Dataset entries

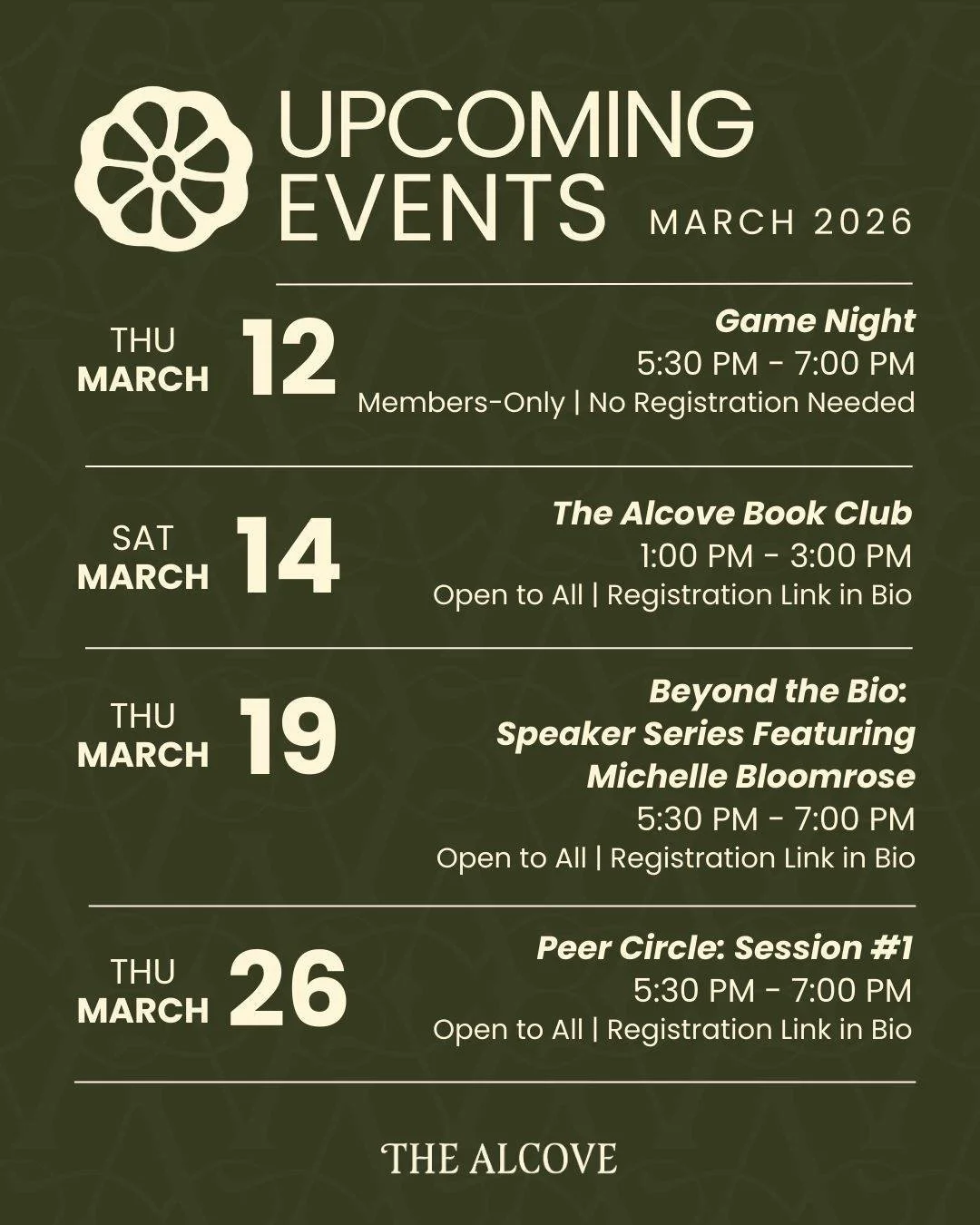March at the Alcove 💫🗓️

Mark your calendar! Here&rsquo;s what&rsquo;s coming up this month:

♟️ Game Night
Members Only
Mar 12 | 5:30&ndash;7 PM
Members, join us for a drop-in Game Night featuring games invented and designed by women and gender ex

# What needs to be done:
Select all lines with the word "Game" from the entries above.

# Result:
♟️ Game Night
Members, join us for a drop-in Game Night featuring games invented and designed by women and gender ex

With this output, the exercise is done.